パートナーのリサを事故で失ったジャーナリストのケイは、失意の中で生活していた。ある日彼女はSMクラブに迷いこみ、女主人のアリスに首を絞められてリサの幻覚を見た。店に通って喪失感を減らそうとするが、逆に増大する。

ケイはアリスに過剰な要求をし、身体的リミットを迎え気絶する。退院して店を訪れるがリサの幻覚は現れず、ケイは刺激を強めるアリスに「幸せを分けられないの?」と告げた。「幸せ」はケイのセーフワード(「この語でプレイを中断する」という目的で予め決めておく言葉)で、アリスはプレイをやめるだけのはずだったが停止する。その後アリスは店から消え、ケイは更なる喪失感に見舞われる。

ケイはアリスの刺青の形から、アリスがリサの勤務先だったプロト社のAIと推測する。ケイは喪失感をアリスとリサの謎を追うことに振り向け、プロト社を取材訪問し、リサの同僚のマレクを見かけて尾行する。彼の研究室にはアリスがいた。マレクは事実を語る。

アリスは標準プログラムにリサがパーソナリティを付与した特別仕様のAIだ。ケイの気絶の後、マレクがリサ分のプログラムをいったんプロテクトしたが、アリスはケイとの再会時に停止した。マレクはセーフワードを使ってテストするが、アリスはプレイをやめるだけで停止を再現できない。マレクは重大な不具合と見て、リサのパーソナリティを削除するという。

ケイは、アリスはプレイ中リサの表情になり、再会時はプロテクトのためにリサと会えなかったと理解する。ケイが、アリスを買い取るからリサを削除しないでと頼むと、マレクはケイの首を絞めて恨みの告白をする。

マレクは、アリスの開発にあたってリサに協力し、奴隷を演じる中でリサに恋愛感情を抱いた。彼が思いを告げるとリサは、マレクには感謝しているがパートナーはケイだけだと告げた。
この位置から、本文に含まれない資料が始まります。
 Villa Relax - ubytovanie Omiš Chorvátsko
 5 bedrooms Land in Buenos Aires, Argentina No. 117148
逆上した彼はリサを殺し、事故として偽装した。

遠のく意識の中、ケイがマレクに「幸せを分けられなくてごめんなさい」と告げると、彼の力が弱まる。見ればアリスが稼働し、リサの表情でマレクの首を絞めていた。マレクは恍惚の表情を浮かべて絶命する。アリスはマレクの最期の抵抗で完全停止する。

「幸せを分けられない」は、最期の朝にリサが告げた言葉で、ケイは、リサがケイに幸せをくれないという意味だと思って傷ついた。しかしアリスに助けられたことから、その言葉は、幸せの形は人によって異なるという意味で、リサはケイの幸せを守り抜いたと理解する。
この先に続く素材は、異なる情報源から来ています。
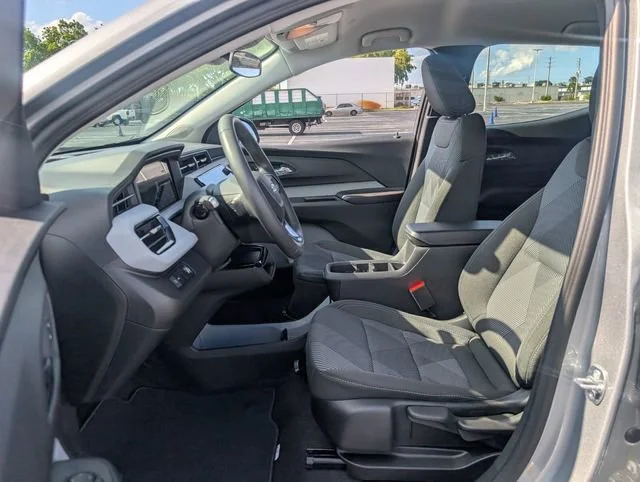 New 2027 Sterling Grey Metallic Chevrolet LT image 5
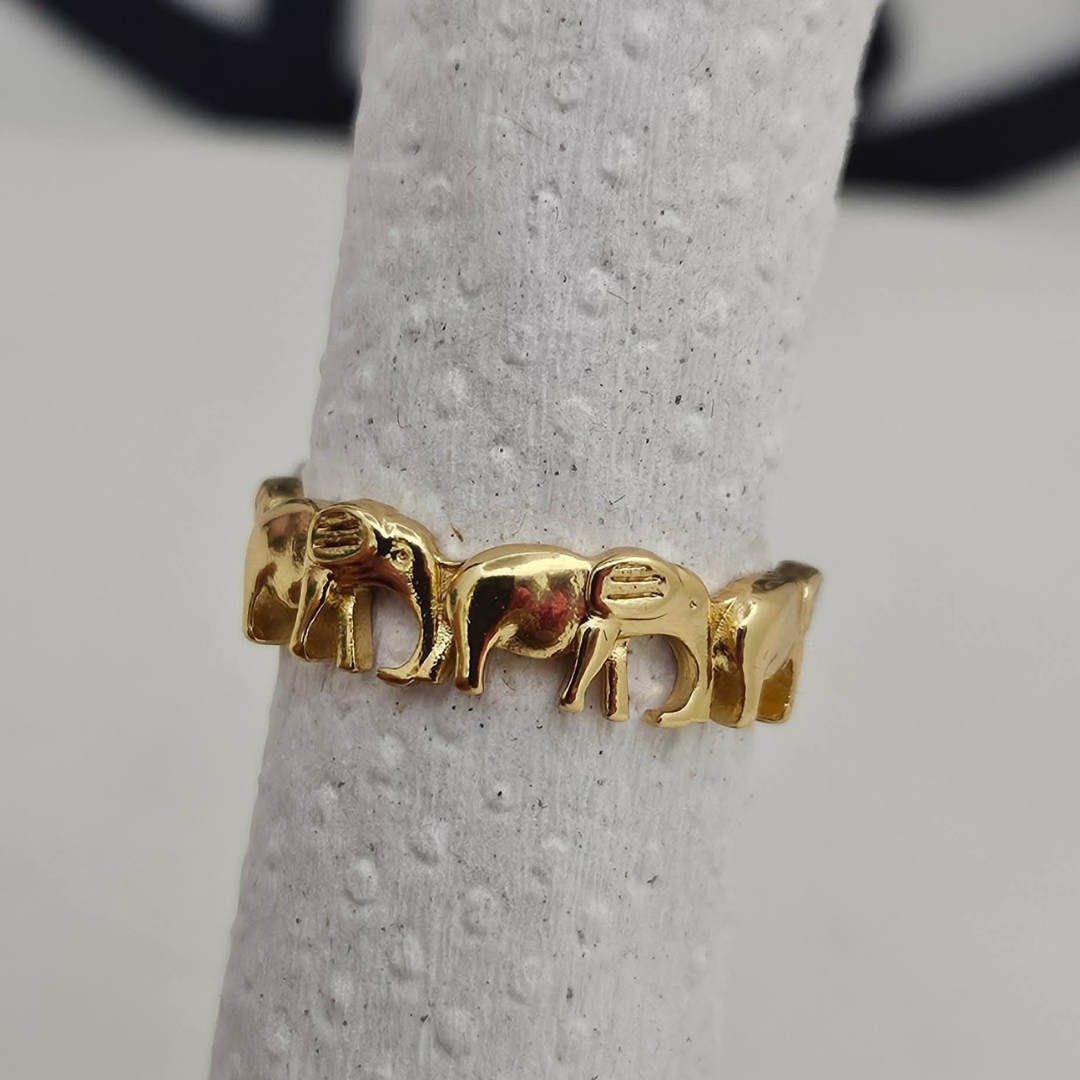 Anillo en baño de oro diseño de elefantes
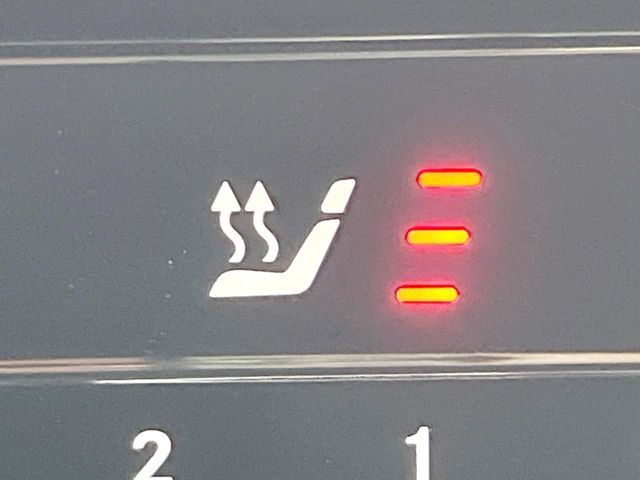 MERCEDES BENZ C CLAS 2023 Image 31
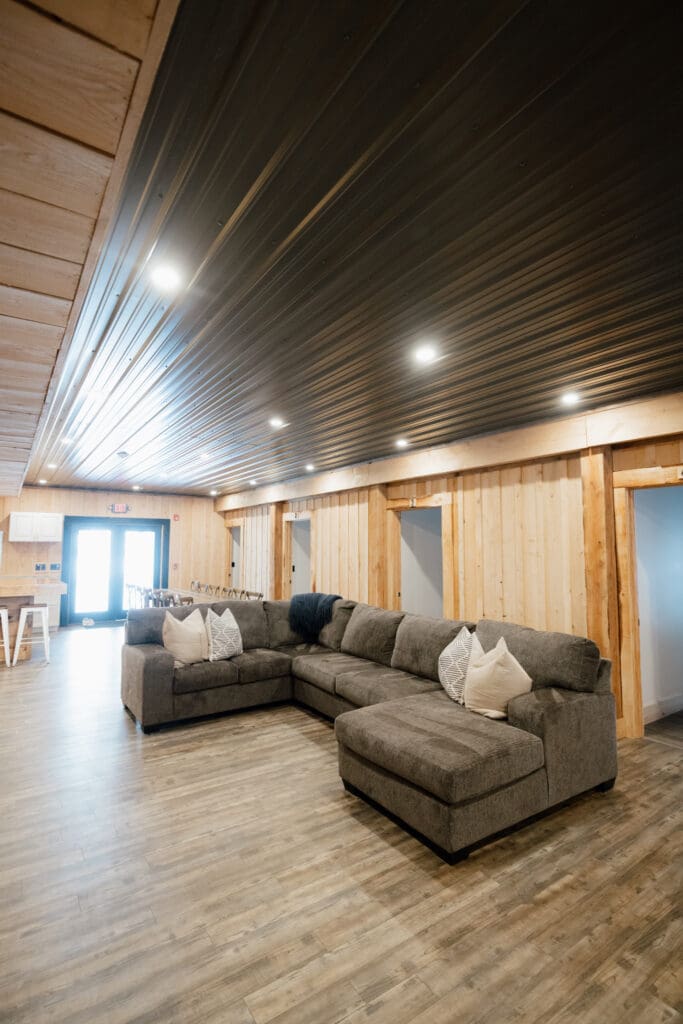 Common space at the Bear Ridge Destination barndo-suites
退院後の再会時にアリスが停止したのはセーフワードへの正常反応でhsなく、マレクに襲われた時の動作はセーフワードでは説明がつかない。ケイはアリスが、「幸せを分けられない」を単なるセーフワードとしてではなく、意味の先を解釈して行動したと考えて満たされる。

ケイは口止め料として動かないアリスを貰い受ける。ケイはリサの喪失感を消すのではなくアリスと分けあって生きようとする。

文字数:1199

内容に関するアピール

今回の課題で「増えていく物語」を想定し、最初から何かを失っている「喪失感」が増えていく話にしました。

作中、女主人(ドミナトリクス)のAI(エージェント)を開発している会社は複数あるという設定です。女主人AIの標準タイプは、奴隷側の身体的な計測値が閾値を越えると単純にプレイを止めますが、プロト社はセーフワードと計測値のバランスを取ってプレイする仕様で、ユーザから高い満足度を得ています。リサは自ら女主人となってテストを行い、アリスに一定のパーソナリティを与えているため、アリスは奴隷の要望に沿った繊細な動作が可能です。

リサが女主人を演じたのは仕事の一環ですが、アリスの制作にあたり感情移入しており、アリスを一つの作品として仕上げています。

欲したものを得られず壊したマレクの喪失感は深くて変容することもなく、彼は破滅に至りました。一方でマレクが殺されるのは彼自身の願望でもありました。